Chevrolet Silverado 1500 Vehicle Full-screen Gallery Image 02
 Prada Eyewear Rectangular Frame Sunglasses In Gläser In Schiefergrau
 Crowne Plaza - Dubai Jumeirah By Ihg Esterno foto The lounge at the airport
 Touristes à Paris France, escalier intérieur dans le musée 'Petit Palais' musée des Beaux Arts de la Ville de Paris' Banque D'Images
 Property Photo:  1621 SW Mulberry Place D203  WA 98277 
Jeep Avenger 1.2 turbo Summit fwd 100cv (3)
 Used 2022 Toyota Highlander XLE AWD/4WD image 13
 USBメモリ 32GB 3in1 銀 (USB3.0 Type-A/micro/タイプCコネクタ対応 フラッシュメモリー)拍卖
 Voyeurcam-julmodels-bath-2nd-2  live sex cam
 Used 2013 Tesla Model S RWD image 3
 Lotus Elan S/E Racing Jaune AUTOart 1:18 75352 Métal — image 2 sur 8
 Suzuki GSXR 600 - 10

■ **Directions**: Each line from the one that contains "Used 2022 Toyota" through the end of the records must be repeated exactly. No other line belongs in the answer.

■ **Response for this exercise**:
 Used 2022 Toyota Highlander XLE AWD/4WD image 13
 USBメモリ 32GB 3in1 銀 (USB3.0 Type-A/micro/タイプCコネクタ対応 フラッシュメモリー)拍卖
 Voyeurcam-julmodels-bath-2nd-2  live sex cam
 Used 2013 Tesla Model S RWD image 3
 Lotus Elan S/E Racing Jaune AUTOart 1:18 75352 Métal — image 2 sur 8
 Suzuki GSXR 600 - 10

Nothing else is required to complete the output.